### GOAL OF THE EXERCISE
From the line that contains "3 bước giúp" through the last line of the data, copy everything exactly and nothing else, omitting the pictures.

### RECORDS FOR THIS TASK
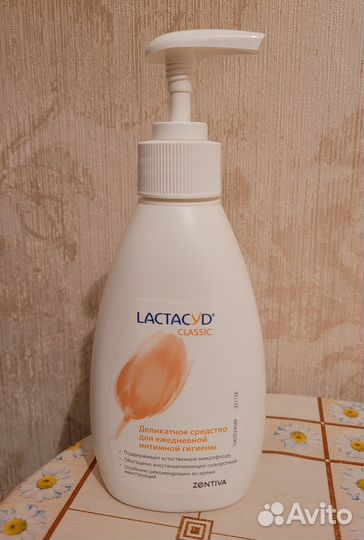 Lactacyd гель для интимной гигиены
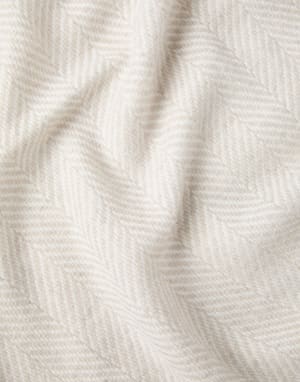 Schal aus Kaschmir Zartgrau Herren - Brunello Cucinelli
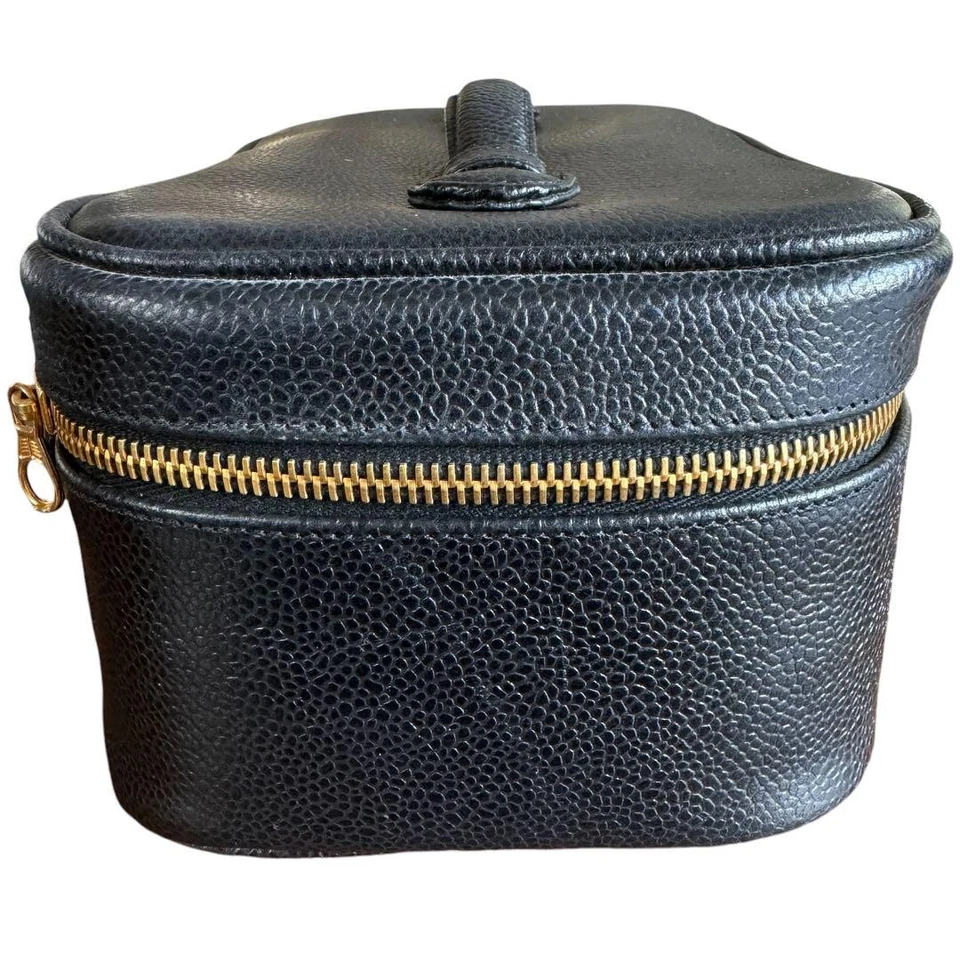 CHANEL Coco Mark Caviar Vanity Bag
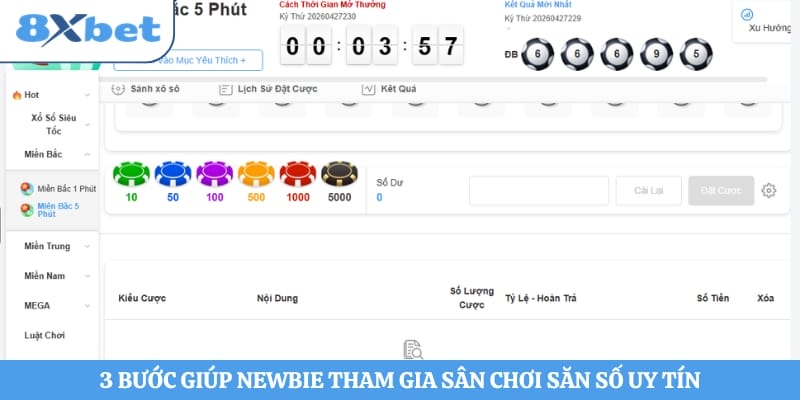 3 bước giúp newbie tham gia sân chơi săn số uy tín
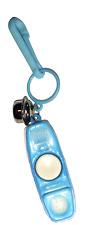 Vintage 1980s Plastic Charm Blue Telephone Phone Charms Necklace Clip On Retro picture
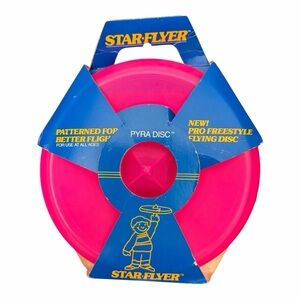 Vintage Star Flyer Pyra Disc Frisbee Hot Pink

### SOLUTION TO THIS EXERCISE
 3 bước giúp newbie tham gia sân chơi săn số uy tín
 Vintage 1980s Plastic Charm Blue Telephone Phone Charms Necklace Clip On Retro picture
 Vintage Star Flyer Pyra Disc Frisbee Hot Pink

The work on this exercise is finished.